Mr Arbon is taking legal advice and preparing to fight the claims – and has threatened to "name and shame" those individuals and businesses which promised donations but did not honour their pledges.

The free event cost £26,500 to stage but hit a massive financial crisis after the organisers failed to raise enough sponsorship.

Mr Arbon said the experience had left him feeling very bitter, and worried about trying to stage any future events.

"It is very worrying indeed and at the moment we just do not know what is going to happen," said Mr Arbon.

"We have received court summonses for the county court from people who are owed money for helping to put on the event, but as all the committee resigned there is a lot of legal discussion going on about the extent of liability.

"I am just disgusted that we are in this position at all. All we wanted to do was to give Felixstowe a great day, the best jubilee celebrations it could wish for.

"More than 35,000 people came and had a tremendous time – all for free. If we had charged £1 a head it would have paid for the day and made thousands for charity as well.

"Charities who held stalls and collections did do really well and raised several hundred pounds. But I still heard stories of people who would not give because they had already bought an ice cream or been on a ride!"

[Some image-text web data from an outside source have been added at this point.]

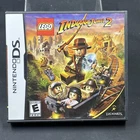 LEGO Indiana Jones 2: The Adventure Continues (Nintendo DS, 2009) CIB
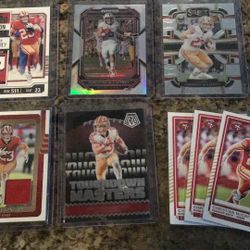 Christian Mccaffrey 8 Card Lot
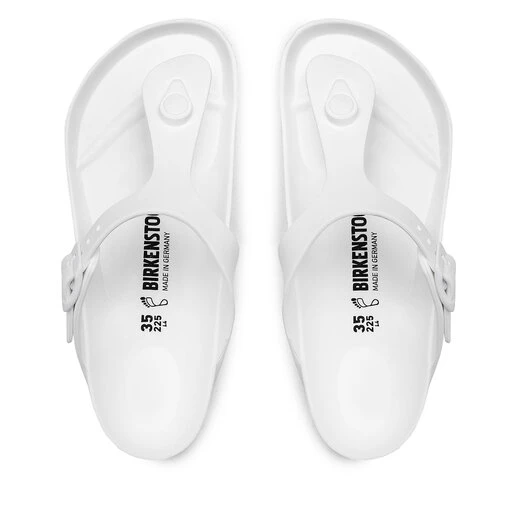 Tongs Birkenstock Gizeh 0128221 White 6 Tongs Birkenstock Gizeh 0128221 White – Image 6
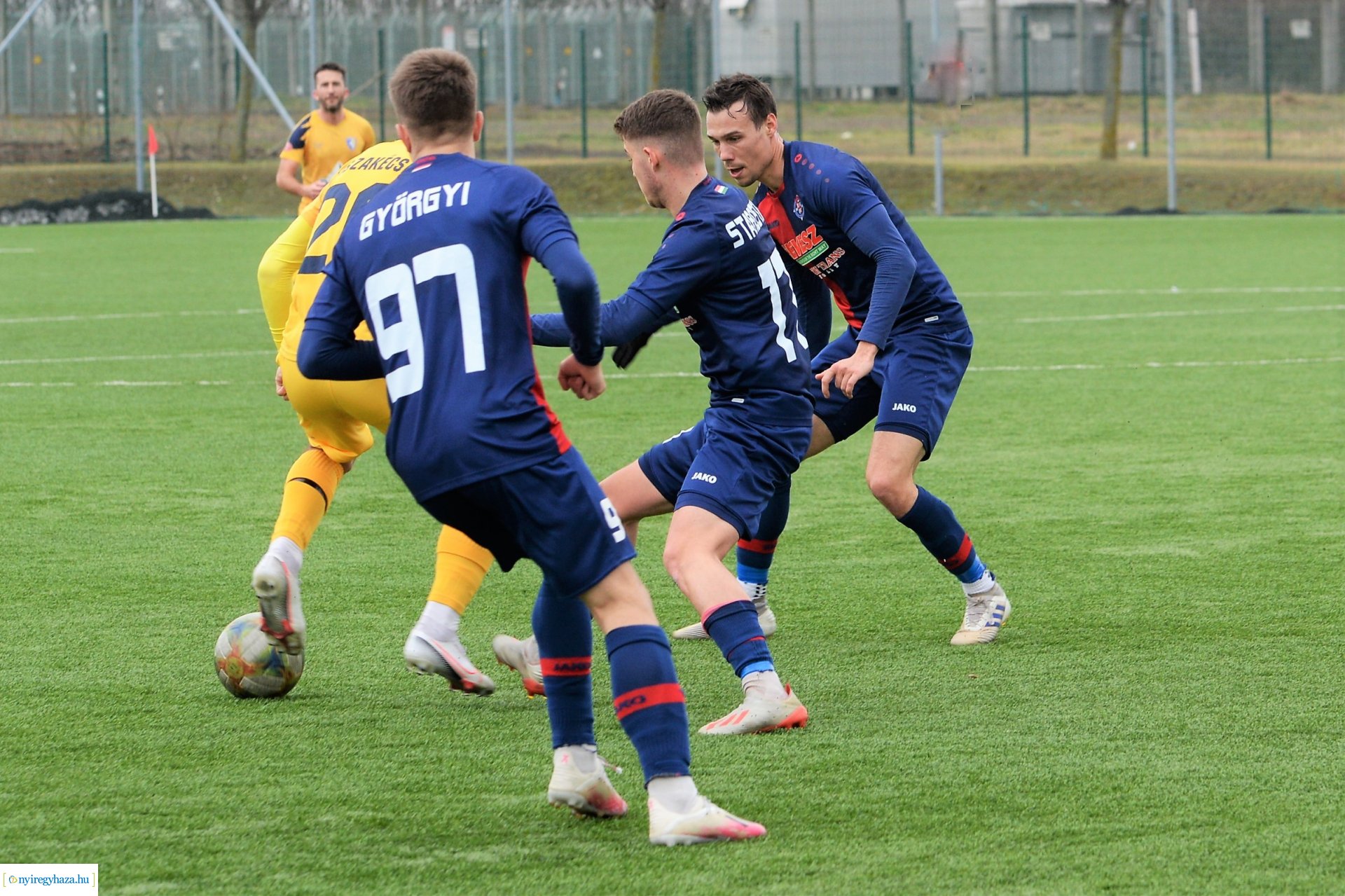 Nyíregyháza Spartacus FC - Tiszakécske felkészülési mérkőzés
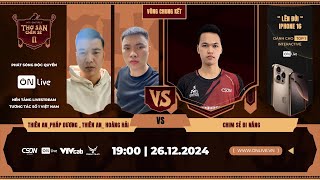 Full trận 14 | Thợ Săn Chim Sẻ Mùa 2 Tuần 1| Chim Sẻ Đi Nắng vs team Thiên An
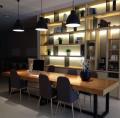 Стол Loft (дубовая столешница) R43-113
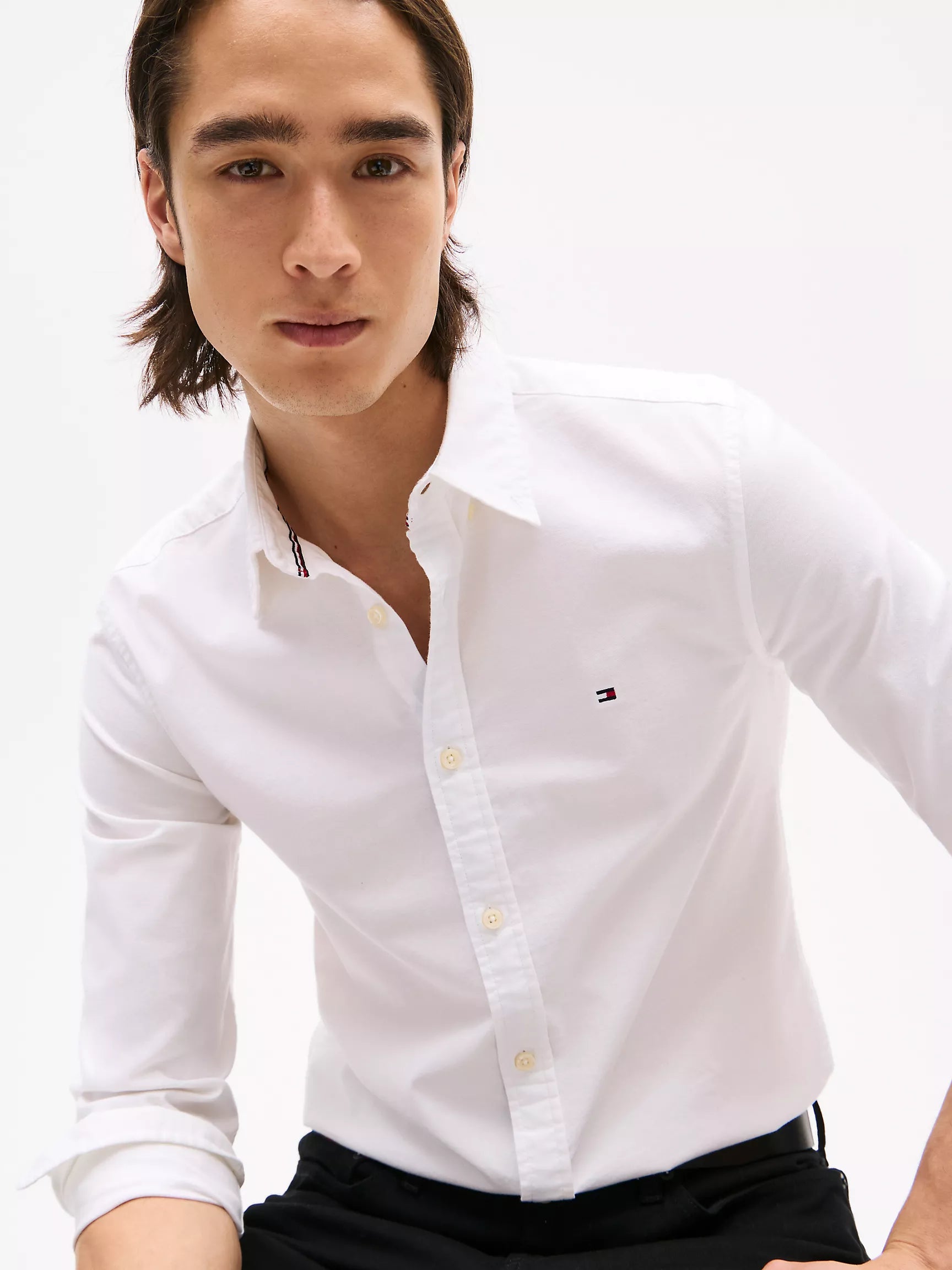 Tommy Slim Fit Oxford Shirt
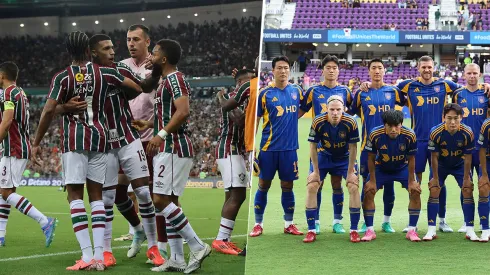 Fluminense y Ulsan Hyundai se enfrentan en el Mundial de Clubes
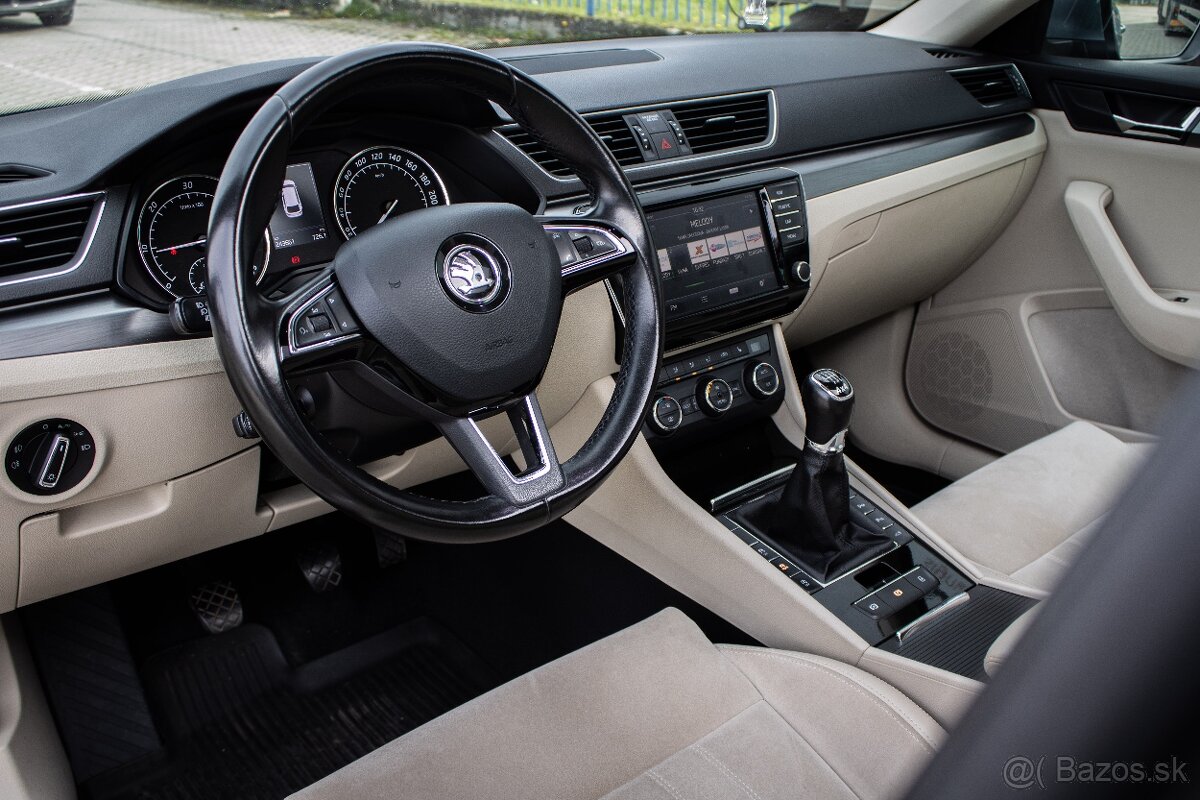 Škoda Superb 3 Combi 2.0 TDI 4x4, 110kW, M6 - 12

His biggest argument though is with people and traders who he claimed promised to give sponsorship but then never paid up.

"I cannot say too much at the moment because of the legal proceedings but I may do as yet," he warned.

The event, part of the BBC jubilee celebrations, featured 50-plus live bands, It's A Knock-out, street entertainers, air display, karaoke marathon, and fireworks.

Park and ride bus receipts were £1,200 less than planned. The It's a Knockout raised £500 less and visitors donated £1,500 less than forecast. Extra VAT accounted for another £2,200, extra insurance £800 and the shortfall from traders was £3,100. Donations received totalled approximately £16,700.

Among those who donated were Suffolk Coastal and county council, and also the town council, which gave £1,000 and has offered another £500 if organisers can raise the rest of the shortfall.